If I may "do a Furtry"....



Yes


----------



## Furtry

BobP said:
			
		

> If I may "do a Furtry"....
> 
> 
> 
> Yes


:lol: Yes, BobP is correct :lol:. MR and VV have chosen to come out into the public eye and IMO grace us, by showing us and teaching us Systema. There are many talented practitioners who keep to them selves as it's not their thing to teach or to pass along the knowledge.


----------



## SilatFan

Excellent!

Please tell me did these men all learn from the same instructor as MR?  If not, do you know of any other instructors in the generation prior to MR's?
From what I've read MR's teacher was a former bodyguard for Stalin.  Is that correct?  Is there any more information on him?


----------



## Arthur

> Rate these Systema players


Hard to do since they aren't Systema practitioners.

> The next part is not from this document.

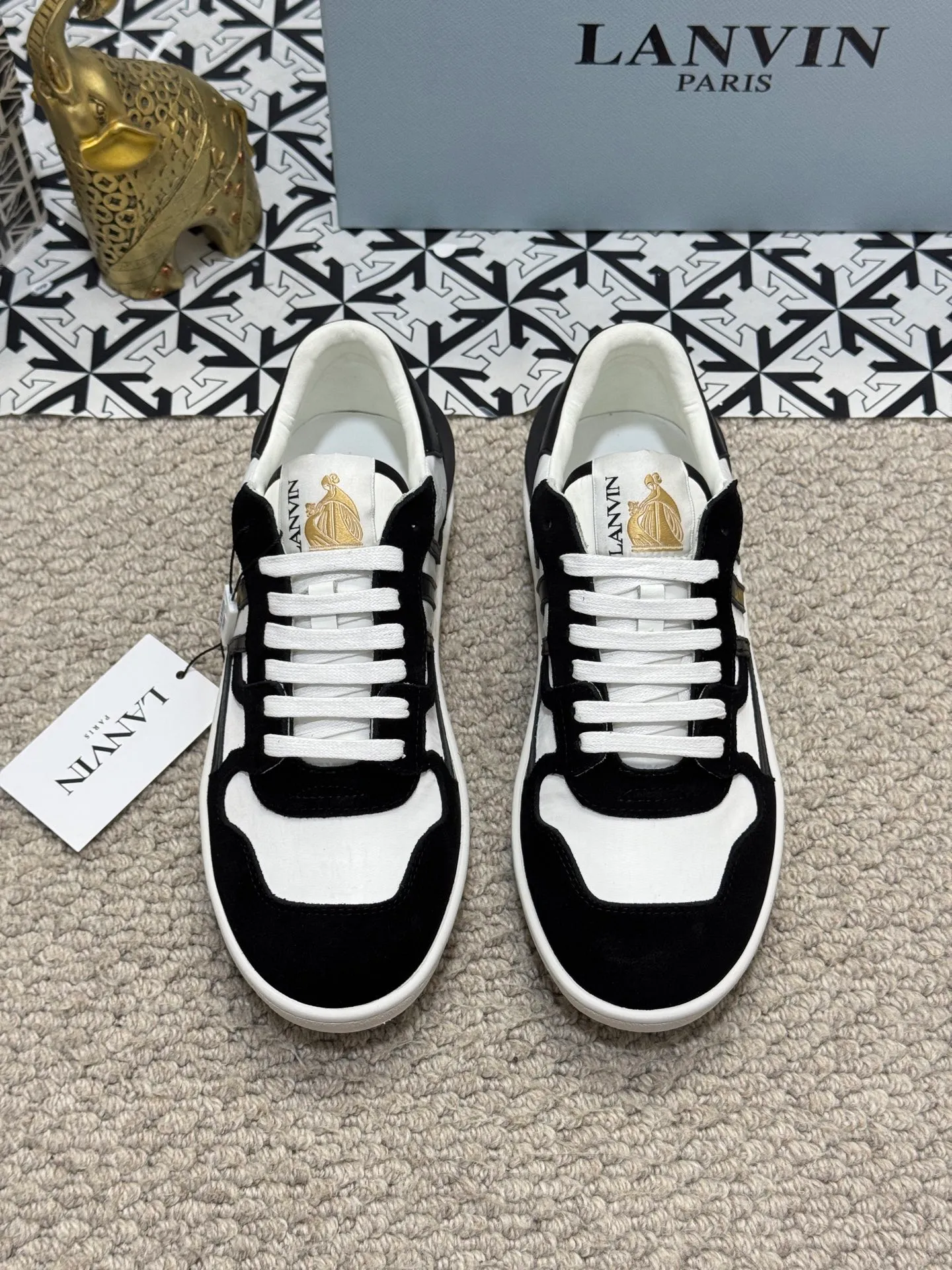 Men's men's shoes 💰520 [New style] 🦈🦈lanvin #LANVIN spring and summer series new colors ❤️‍🔥The latest lace-up fashionable casual Forrest Gump running shoes~bumpr high-quality couple 👫 series!! The latest trendy products of the season. Many bloggers have planted grass and purchased the original molds for customization. The uppers are nubuck leather. They are very versatile, fashionable and casual, and are comfortable to wear on the feet. Recommended! The original molds have clear logo rubber bottoms, which are non-slip and wear-resistant. Size: Female 36~40 Male 38-44 (45 customized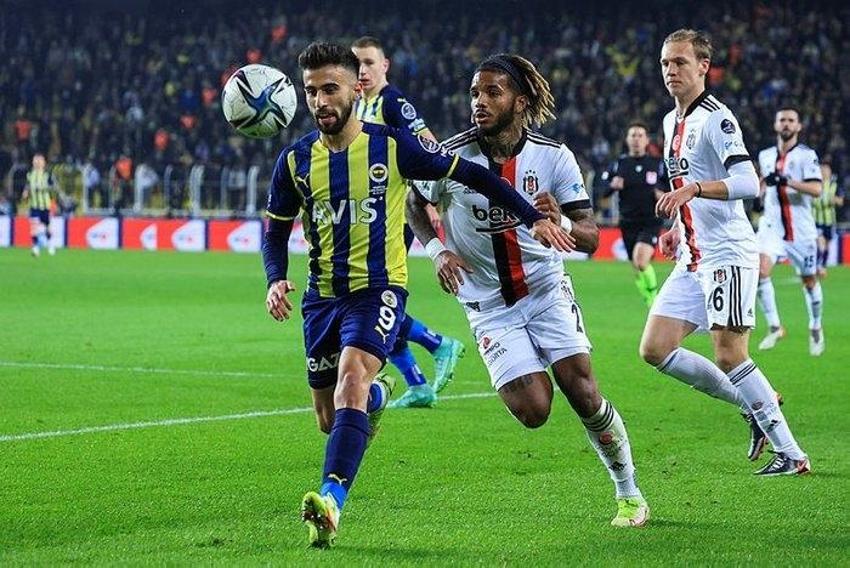 Derbi öncesi Jorge Jesus'a şok haber! Yıldız futbolcu kadrodan çıkarıldı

Looks more like folk arts (as already said) and maybe beginner level Borba.

Arthur


----------



## Furtry

Arthur said:
			
		

> Hard to do since they aren't Systema practitioners. Looks more like folk arts (as already said) and maybe beginner level Borba.
> 
> Arthur


Good point Arthur. Systema is an amalgamation of all Slavic styles, which were influenced by the geography, morays, and customs of the people. Systema has its roots in Slavic traditions but it is constantly evolving, (with heavy modern military influence) with the roots principles remaining constant to guide the development.


----------



## SilatFan

Originally Posted by *Arthur*
_Hard to do since they aren't Systema practitioners. Looks more like folk arts (as already said) and maybe beginner level Borba.

Arthur_






			
				Furtry said:
			
		

> Good point Arthur. Systema is an amalgamation of all Slavic styles, .....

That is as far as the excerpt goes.